So far, we’ve talked much about supervised learning. Aside from it, there exist many other learning types such as unspervised learning, semi-supervised learning and so on. This post will introduce one of the most widely used unsupervised clustering algorithms — K-means. We will cover the implementation of K-means algorithm, the limitation of this algorithm as well as its applications.

Problem Formulation

Given an unlabelled dataset $D =[x_1, x_2, …, x_N] $, we want to explore whether there is a pattern in the data and what pattern is. In the case of clustering, we want to know which samples are close to each other so as to form a cluster. To achieve this, we assign to each sample a membership indicator denoted by $r_{nk}=1$ if the sample is in cluster $k$, otherwise $r_{nj}=0$ for $j \ne k$. Thus,

  • there could be $N$ clusters, i.e. each sample forms a cluster.
  • there could be only one cluster, i.e. the whole dataset forms a cluster.

So what’s the optimal value for $K$?

Objective Function

The idea behind K-means is intutive to understand. Similar people or people with similar interests tends to form a group. Such a group also has a small variation. Based on this idea, the aim of K-means is to find $r_{nk}$ to minimise the within cluster variation,

$$ J = \sum^N_n\sum^K_k r_{nk} || x_n - \mu_k ||^2 $$

where $\mu_k$ is the center of the cluster that a sample $x_n$ belongs to.

We should notice that this objective also limits the ability of K-means somehow. You can imageine $\mu_k$ as the center of a circle, and the average within cluster variation is the maximum radius of that circle. Any point outside that circle doesn’t belong to this cluster. So K-means works better for circular clusters.

Approach

Since $\mu_k$ and $r_{nk}$ are both unknown, how to solve it? Well, we solve this by repeating the following two steps,

  • Step 1: Randomly choose $K$ cluster centers, and then minimise $J$ w.r.t $r_{nk}$. In this step, we assign to each sample a membership indicator given the fixed cluster centers.

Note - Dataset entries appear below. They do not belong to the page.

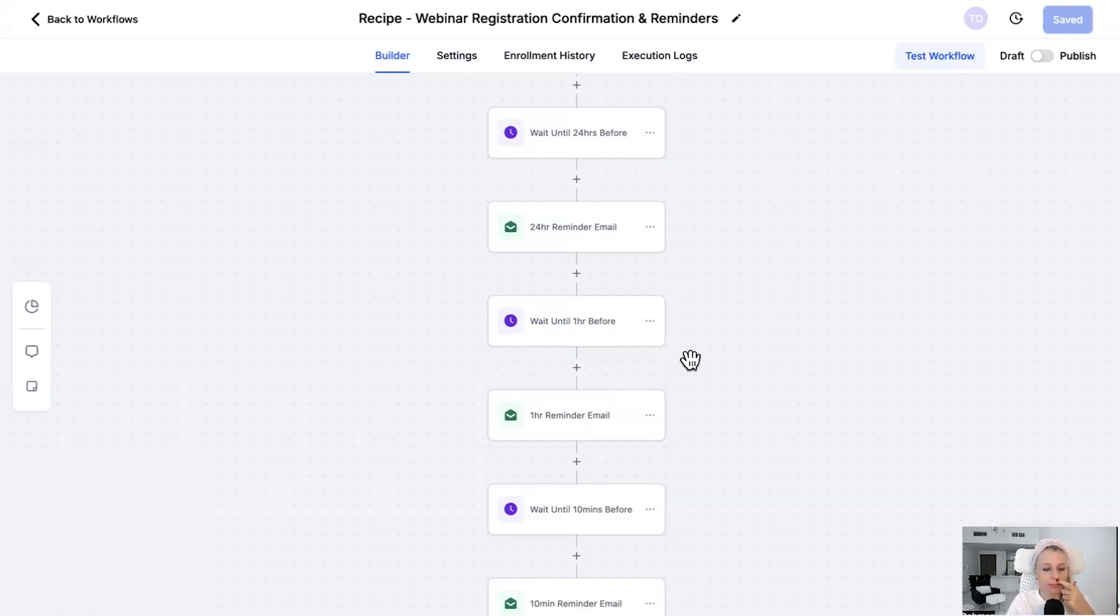And that's it already. This is how you can create two types of webinar: the on-demand pre-recorded webinar funnel or the live webinar funnel, including the workflow. I hope you like this new feature, and I'll see you in the next video.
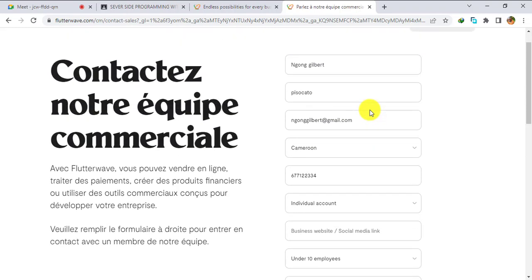Once the form is submitted, in two or three days the Flutterwave team will send you an email with a link. Click on that link and you will be able to create your Cameroon Flutterwave account. That's it for this video — see you in the next one.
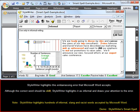StyleWriter highlights this embarrassing error that Microsoft Word accepts. Although the correct word should be 'Shift,' StyleWriter highlights it as informal and draws your attention to the error.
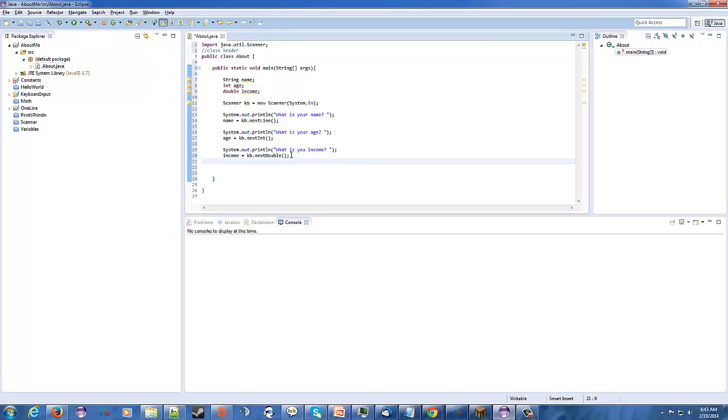Okay, so back to where we were, sorry about that. So, now that we gathered all this information, now we're going to construct a sentence to use, basically, to put this back out to the user. So, to do that, we, of course, have to have another system.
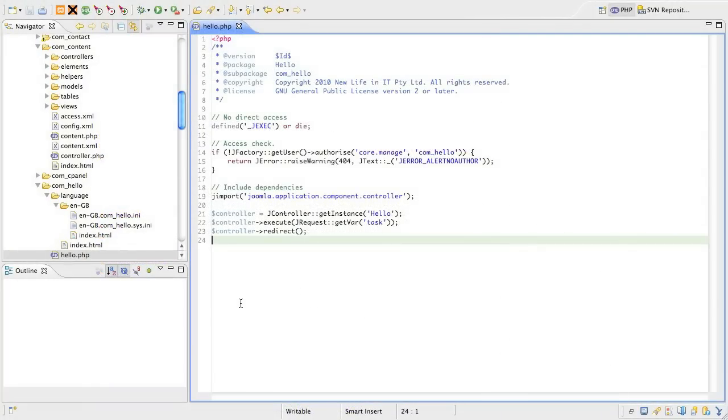While we're on the topic of Eclipse, I want to show you something. Most IDEs have some sort of code snippet support. When we get into the main lessons, I'm going to be using these heavily, so I'm going to show you how to create one so you know how it works.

$$ r_{nk} =\begin{cases} 1 & \text{if $ k =\text{argmin}_j ||x_n - \mu_j||^2$} \\ 0 & \text{otherwise}\end{cases} $$

  • Step 2: Keep $r_{nk}$ fixed and then calculate the new cluster centers — $\mu_k$ is equal to the mean of all samples assigned to that cluster $k$. This is because we minimise $J$ w.r.t $\mu_k$ by taking the derivative of $J$ and setting it to zero

    $$ \frac{\partial J}{\partial \mu_k} = 2 \sum^N_{x_n \in C_k} r_{nk} || x_n - \mu_k || =0 $$

    $$ => \mu_k = \frac{\sum_{x_n \in C_k} r_{nk} x_n}{\sum_{x_n \in C_k} r_{nk}} $$

So when will this process stop? There are some stopping criterions

  • The centroids remain the same
  • Within cluster variance reaches below the threshold you’ve set
  • Fixed number of iterations have been reached

Choosing the optimal K

Like the method used in K-NN, we plot the metric as a function of $k$ shown below.

We can see that inertia decreases greatly as k increases up to 4, after that, it decreases slowly. On the other hand, increasing k indeed decrease the sum of squared distance from each sample to its closest centroid. This is because the more clusters k there are, the more cohesive each cluster is, and therefore the lower the within cluster variation is.

Limits of K-means

Specify K explicitly

Obvisously, we have to explicitly specify $K$. But more often, we don’t what the right $K$ is.

Sensitive to shape

As said earlier, K-means performs poorly when the clusters vary in sizes or densities, or have nonspherical shape. Figure below shows how K-means deals with a data set containing three ellipsoida clusters with different densities and orientation. Though the solution on the right has a lower inertia, it obviously breaks the inner structure of real clusters. Mabybe we could try Gaussian mixture models for this case.

Centroids initialization

Although K-means algorithm is guaranteed to converge, it might not coverge to the right solution. And this depends on the initialization of the centroids, which can also be seen in above Figure. To avoid this, we’d better run the algorithm several times and select the solution that has the minimum within cluster variation.

Hard classification

Clustering assignment used in K-means is called hard classification since each sample is assigned to a cluster indicator. But sometimes we would expect probability to estimate uncertainty in clustering assignment. For example, if two clusters overlap, it’s hard to have 100% confidence to say that some sample belongs to one of the two clusters.

References

[1] A. Géron, Hands-on machine learning with Scikit-Learn and TensorFlow. Sebastopol (CA): O’Reilly Media, 2019.

[2] J. VanderPlas, Python Data Science Handbook. Sebastopol, CA: O’Reilly Media, 2016.